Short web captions
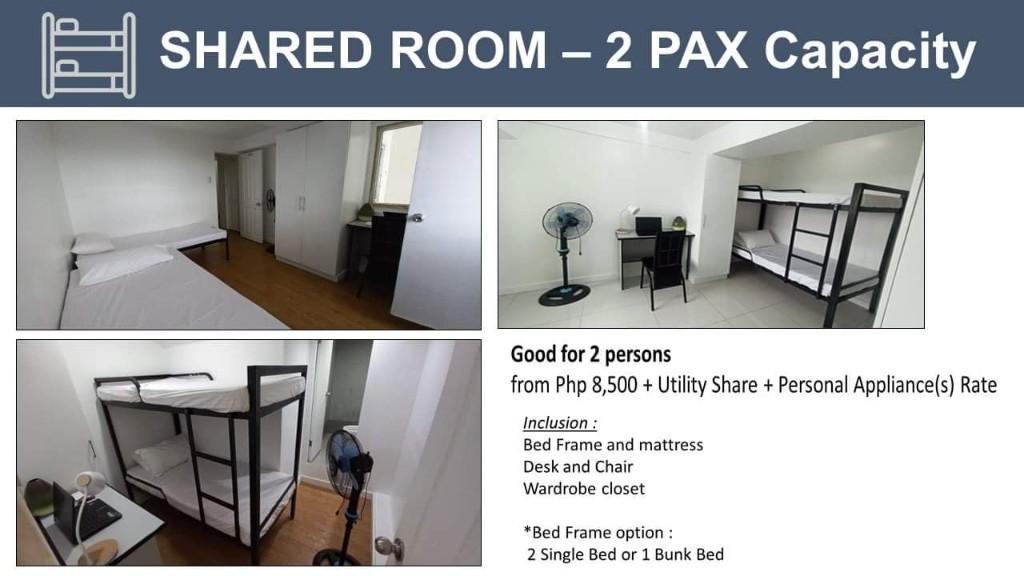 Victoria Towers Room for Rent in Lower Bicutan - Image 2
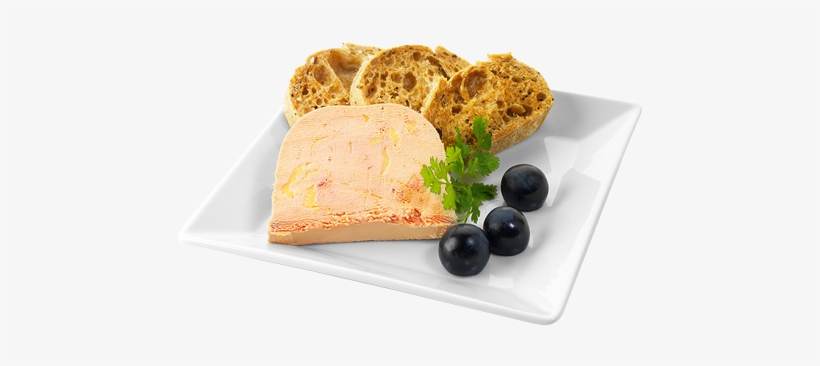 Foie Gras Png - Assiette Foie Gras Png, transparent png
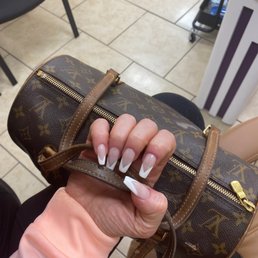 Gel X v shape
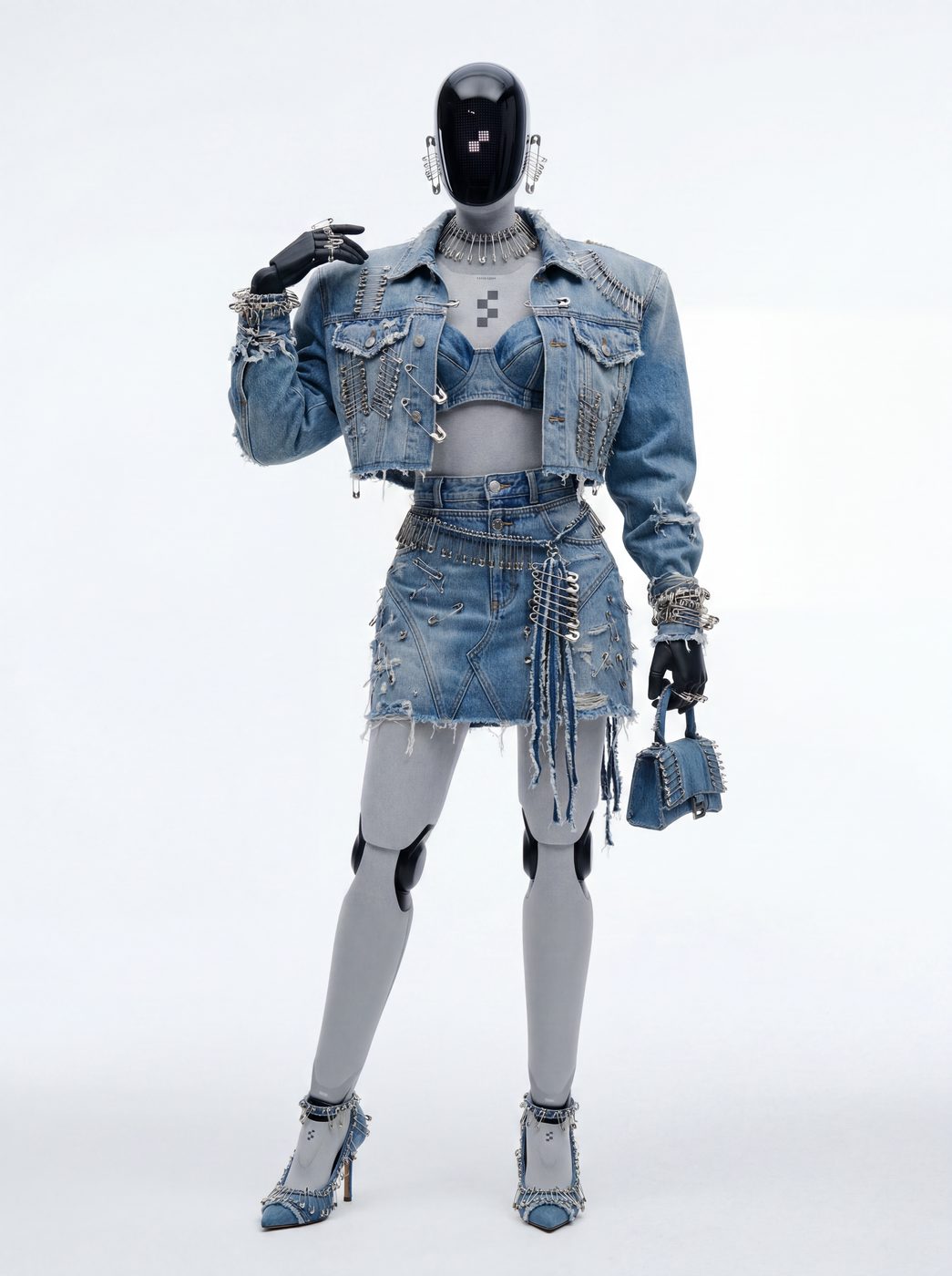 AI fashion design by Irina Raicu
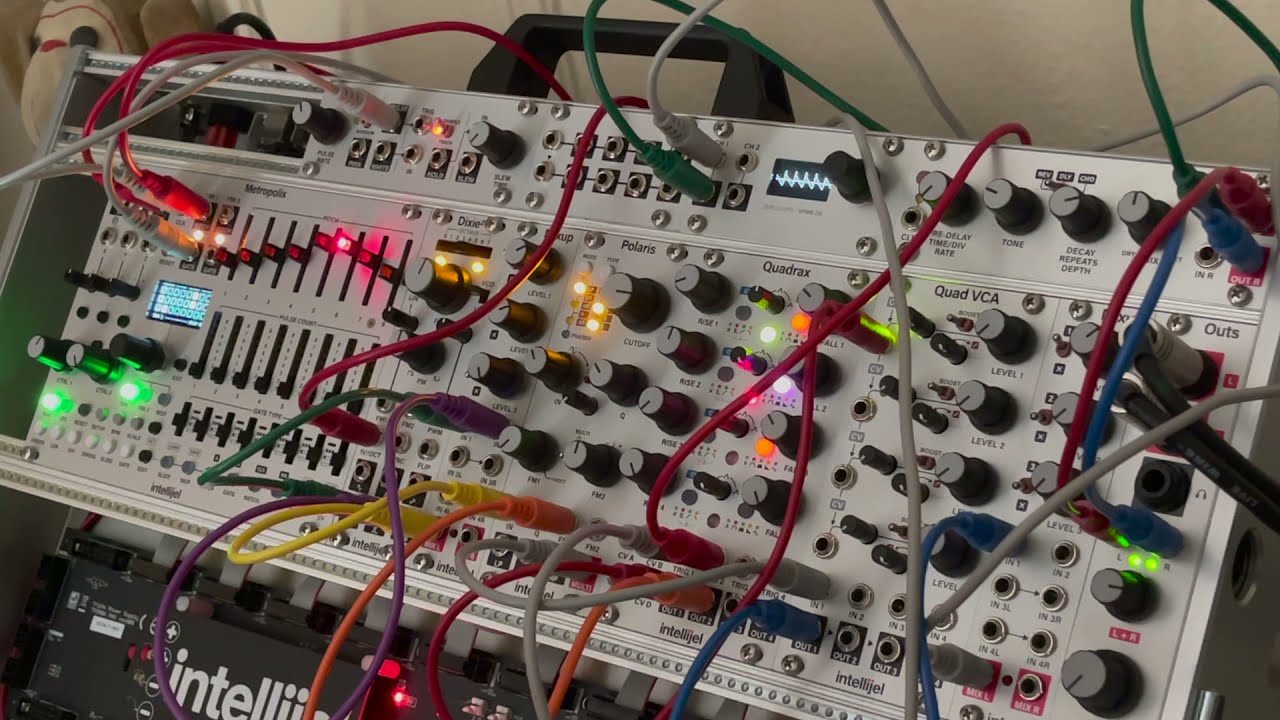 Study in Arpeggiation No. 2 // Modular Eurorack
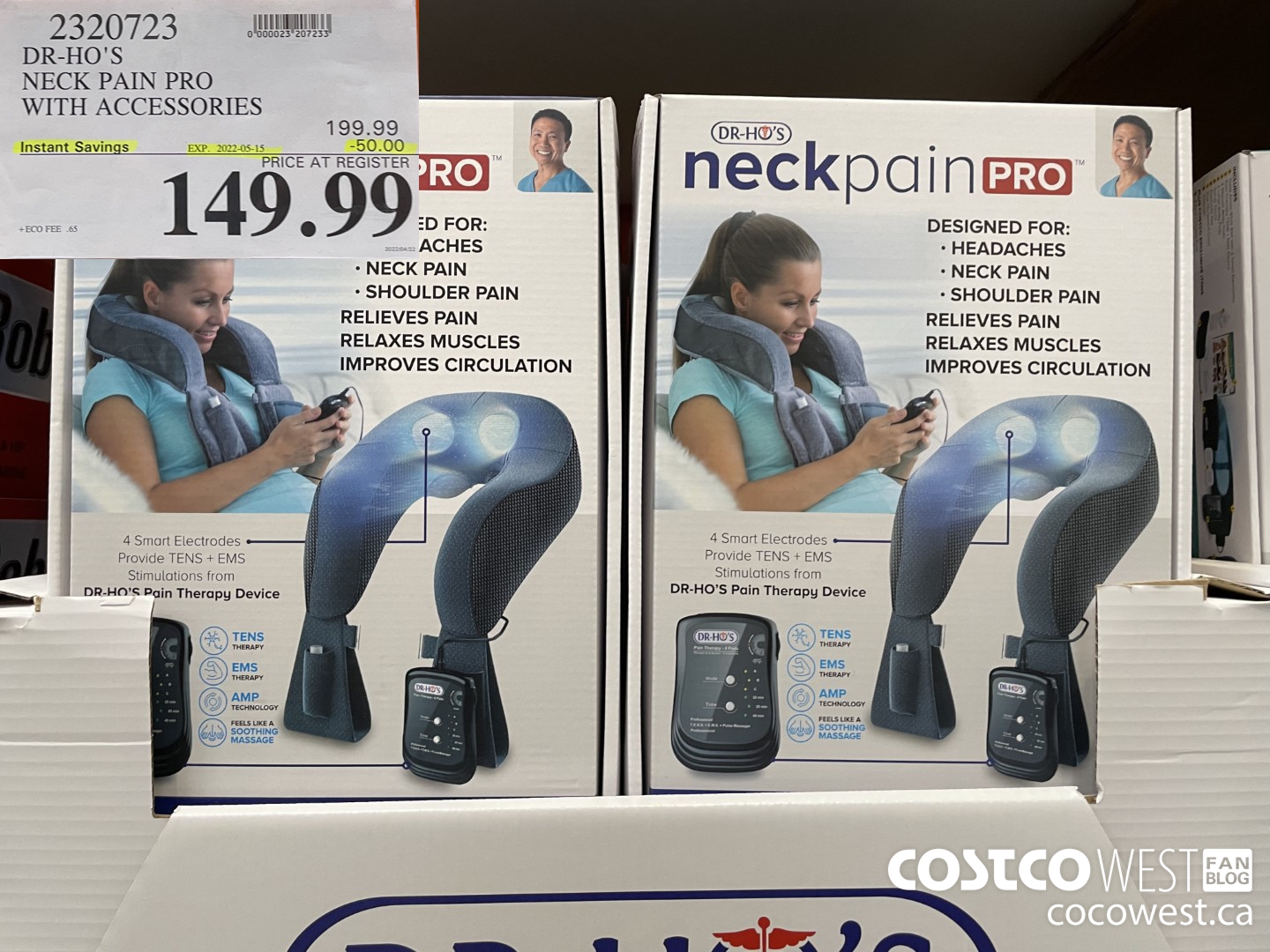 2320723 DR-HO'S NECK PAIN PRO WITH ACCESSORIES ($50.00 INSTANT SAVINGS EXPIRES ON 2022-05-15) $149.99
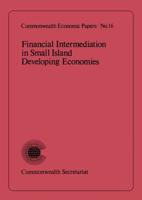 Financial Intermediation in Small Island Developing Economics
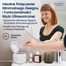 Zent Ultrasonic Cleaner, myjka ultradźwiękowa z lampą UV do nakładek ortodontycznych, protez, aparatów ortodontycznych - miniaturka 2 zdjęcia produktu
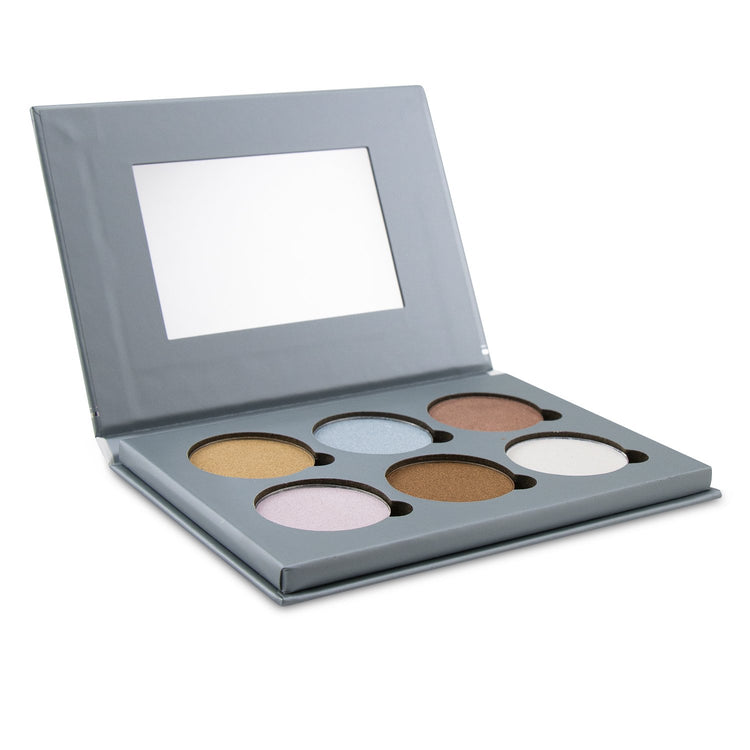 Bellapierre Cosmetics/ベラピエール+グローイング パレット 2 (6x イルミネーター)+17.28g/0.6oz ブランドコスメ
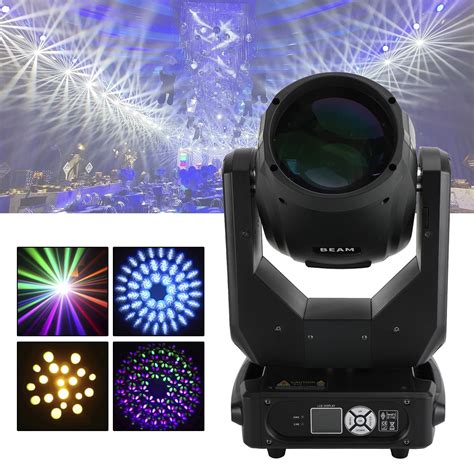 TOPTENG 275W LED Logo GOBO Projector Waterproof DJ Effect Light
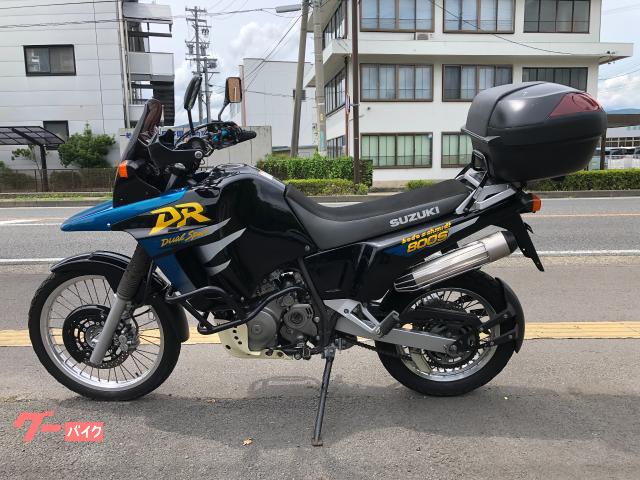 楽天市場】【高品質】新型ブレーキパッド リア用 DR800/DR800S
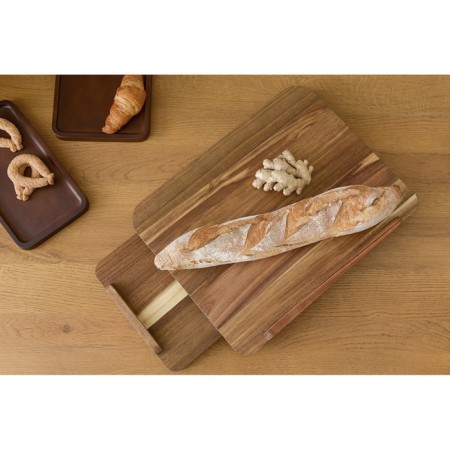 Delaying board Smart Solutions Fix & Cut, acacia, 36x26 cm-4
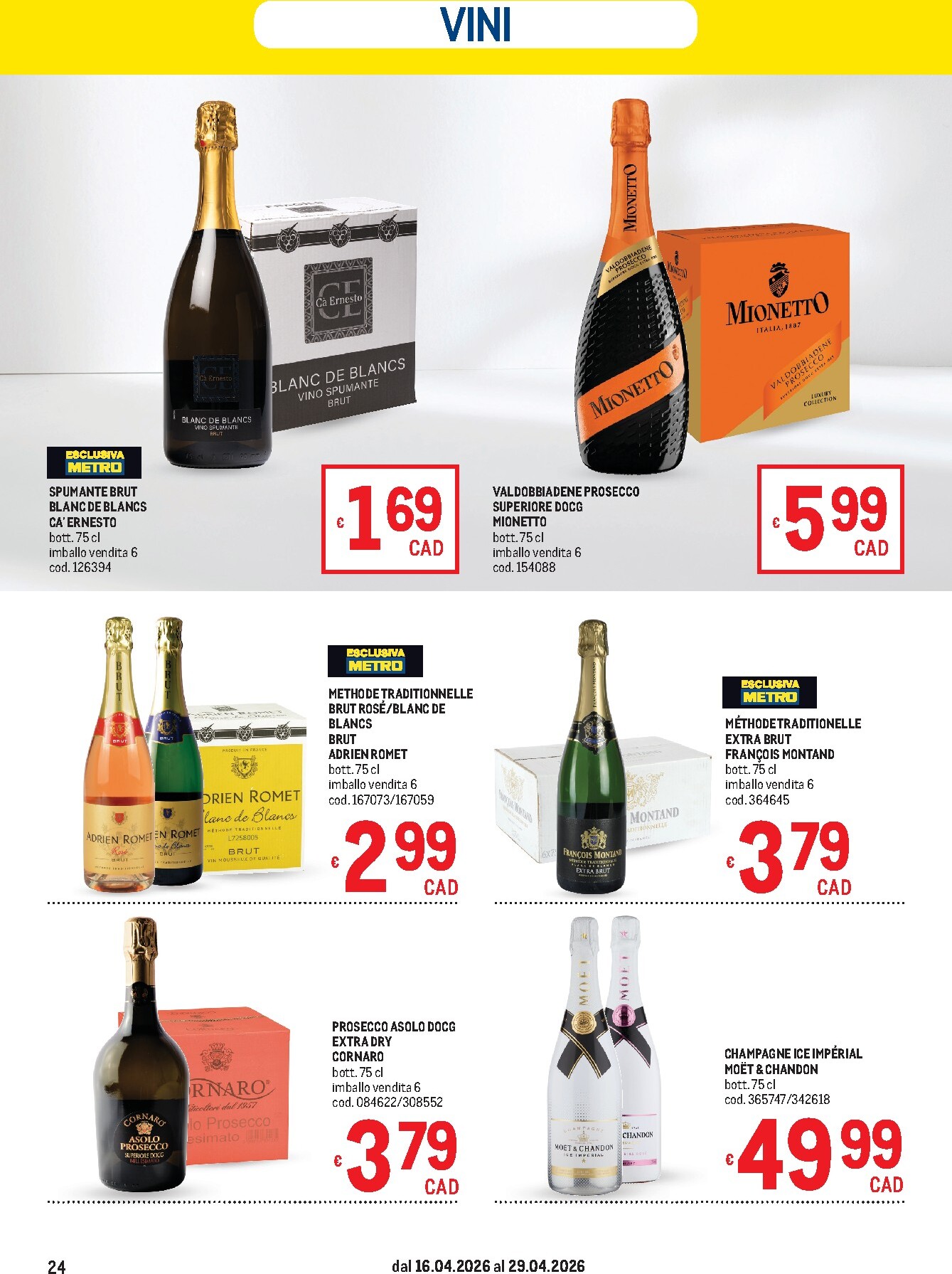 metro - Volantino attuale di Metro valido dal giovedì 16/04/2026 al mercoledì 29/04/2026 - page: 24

Activity | Write out exactly the lines from the one containing "楽天市場】【高品質】新型ブレーキパッド リア用 DR800/DR800S" through the last line of the records above, both ends included, and leave out any pictures.

Reply |
 楽天市場】【高品質】新型ブレーキパッド リア用 DR800/DR800S
 Delaying board Smart Solutions Fix & Cut, acacia, 36x26 cm-4
 metro - Volantino attuale di Metro valido dal giovedì 16/04/2026 al mercoledì 29/04/2026 - page: 24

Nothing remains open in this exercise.